どこの学校の先生もそうだと思いますが、「特殊技能を身につけたいから専門学校へ行きたい」とか、「親の仕事をつぐためこの学部へ入る」とかでない限り、先生は「出来るだけ偏差値の高い学校へ行きなさい」と言われますよね。

確かに、大学の偏差値で足切りを行う企業はまだまだ多いですから、同じ学部やカリキュラムであれば、偏差値の高い方が有利だというのはあるかもしれません。ですが、もしやりたいことがはっきりしていないけども、とりあえず偏差値の高い学校へ入れば潰しが利くという考えや、まして「偏差値が高いほうが鼻が高い」という考えならば、少し考えて欲しいと思います。

私は経済学部にいたのですが、やりたい事があったので、学部の中では少し毛色の違う情報学科に所属していました。ですので、企業説明会や、講演に来られる方の職種がかなり金融や販売のほうに限られてしまい、自分の関わりたい業種の企業の方はまったく来られませんでした。

もちろん、行きたい業界があるならば、何学部であろうが自分からその業界の説明会へ行けばいい、というのも正論です。しかし、やる気やスタート地点が同じであれば、やはり先輩やOBの生の声が聞ける環境である、ということはかなり大事だと思うのです。同じサークルの先輩方は、とある銀行の面接内容や、業界の就職活動状況などを話しておられましたが、情報系の説明会に行った私は「やはり雰囲気が違う」と思ったのが正直なところです。それに、やはり「なぜ情報系の大学に行かなかったのですか」とは聞かれますから、学科がどうあれ学部で不利になる可能性も否めないと思います。

確かに、高校2年生から「自分が何をしたいか、何になりたいか」などということをはっきり決められる人なんて少ないかも知れません。しかし、何となくであっても、どんなことが得意で、どんなことが苦手かということは分かるでしょう。人と話すのが好きとか、モノを作るのが好きとか、みんなで協力して取り組むのが好きとか、逆に苦手なこと、デスクワークでずっと会社にいるのは苦手だ、大勢で作業するのは苦手だ、生き物を扱うのは苦手だ…など、なんでも構いません。
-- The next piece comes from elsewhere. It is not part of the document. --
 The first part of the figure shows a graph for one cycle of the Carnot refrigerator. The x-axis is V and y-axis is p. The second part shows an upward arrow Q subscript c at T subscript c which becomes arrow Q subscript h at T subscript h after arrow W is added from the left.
そういったところから、ぼんやりとでも、どんな仕事が自分に向いていそうか、どんな仕事は難しそうか、そういったことは見えてくると思います。そうすれば、同じように、様々な大学資料の中の学部紹介や内定先の中から、自分のしたいことと近いかどうかが見えてくるかも知れません。一度興味を持ったら、実際にオープンキャンパスなどへ行ってみるのもいいでしょう。自分にとってそこが魅力的な世界への入り口なのか、そうでないのかが少しずつ分かってくるのではないでしょうか。

はっきり「これがやりたい」というものがまだ見つけられていない人にとっては、偏差値の高い学校を進めてくる親や先生に対して、はっきり意見を言う事は難しいかも知れません。ですが、何となくでも感じた「こんなことがやりたい」「ここが魅力的だった」ということ、素直に感動したことを伝えてみてください。少しずつ、考えが言葉にまとまっていくかも知れません。

楽しく充実した将来のために、「自分自身で選択すること」を放棄しないでください。仕事を選ぶのも、どう仕事をするかも、どこに済むのかも、すべて選択の連続です。この第一歩が、そのスタートなのですから。